As a contractor, I come across a lot of other people’s projects and may I just say, there’s a lot of crap out there. And I mean that. Not just “Oh, this developer could have done better here and there”, but more alone the lines of “Sorry, I can’t work with this. Your best option is to rewrite the whole damn thing.” To be clear, I’m not necessarily talking about a person’s coding skills. Certainly, I’ve come across some questionable code and downright stupid approaches to solving problems, but this is not what I’m talking about. I’m talking about a complete lack of any kind of architecture to the codebase. Too often I come across projects that seem to be trying to typify the “anti-design pattern”, usually by stuffing quite literally everything into the View Controllers.

So I want to explain here why Software Architecture is important and, if you’re a developer, why you should be learning it or, if you’re a client, why you want it in your project.

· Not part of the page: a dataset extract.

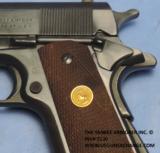 Remington Rand U.S. Model 1911 A-1 - 3 of 8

So let’s start with the assumption that software is complex. I don’t think anyone with any kind of reasonable awareness of software development would deny this. Truly, I’ve heard arguments that software development is the most complex undertaking humanity has ever done. Whether that’s true or not, I do think that most non-developers don’t actually realize how complex software actually is. And honestly, I think quite a few developers may not realize this either. The problem isn’t so much that any can’t look at a bunch of lines of software and fail to understand that this gibberish they’re looking at is complex. It’s that there seems to be a lack of awareness of the combinatorial increase in complexity inherent in interdependent parts of a system. More importantly, there is a lack of awareness (especially on part of the clients) that in an interdependent system as a whole will naturally become more unstable and failable as you increase the system’s complexity.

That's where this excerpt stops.